** Activity **
Your answer should hold exactly the lines beginning with the one that contains "Ilustración Vintage De" and ending with the last line of the material, both included. Leave every picture out.

BEGIN

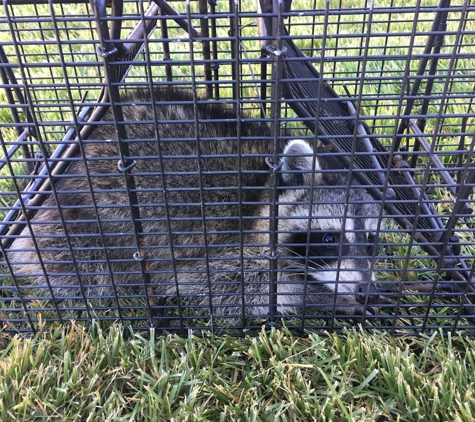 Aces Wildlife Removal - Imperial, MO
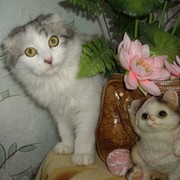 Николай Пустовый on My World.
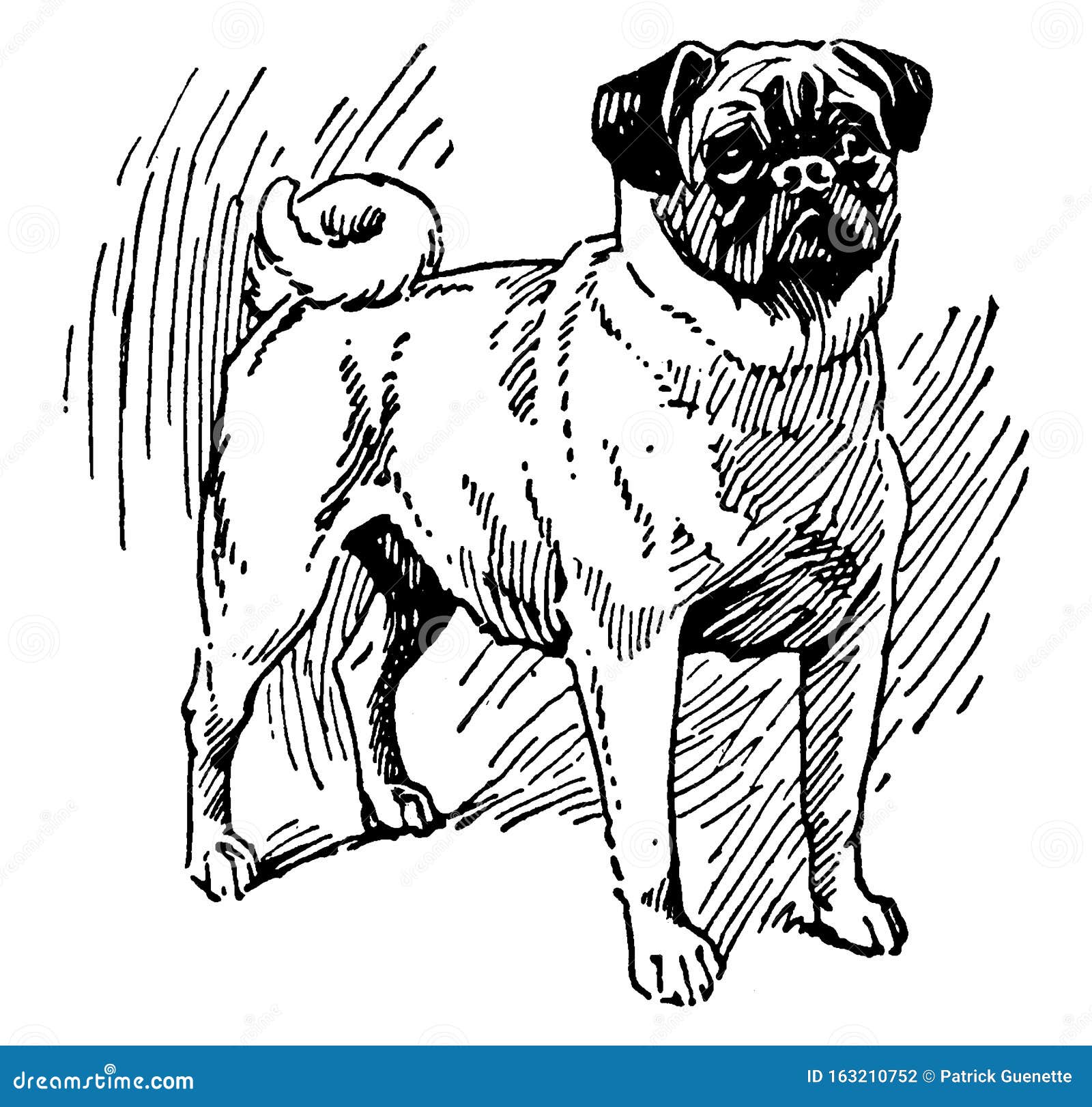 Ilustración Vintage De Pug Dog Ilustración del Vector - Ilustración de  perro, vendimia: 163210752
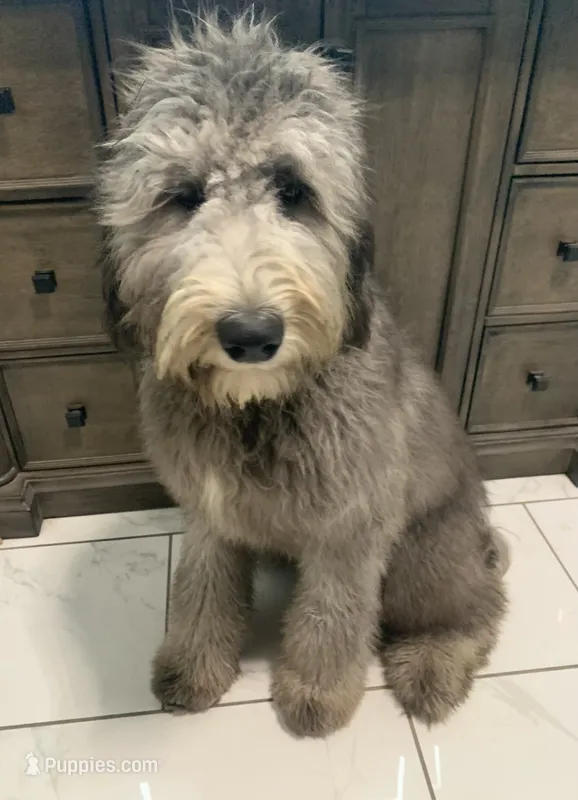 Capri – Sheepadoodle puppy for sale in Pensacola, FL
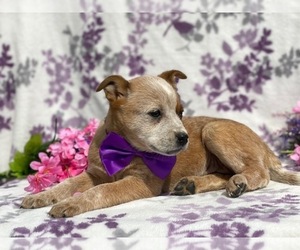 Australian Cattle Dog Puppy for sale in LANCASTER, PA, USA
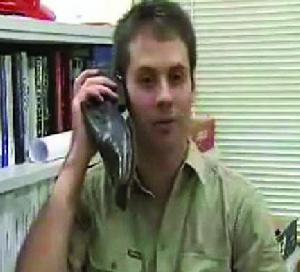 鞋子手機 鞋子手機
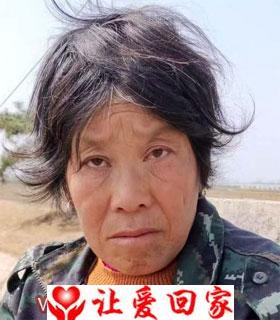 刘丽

END

** Answer space **
 Ilustración Vintage De Pug Dog Ilustración del Vector - Ilustración de  perro, vendimia: 163210752
 Capri – Sheepadoodle puppy for sale in Pensacola, FL
 Australian Cattle Dog Puppy for sale in LANCASTER, PA, USA
 鞋子手機 鞋子手機
 刘丽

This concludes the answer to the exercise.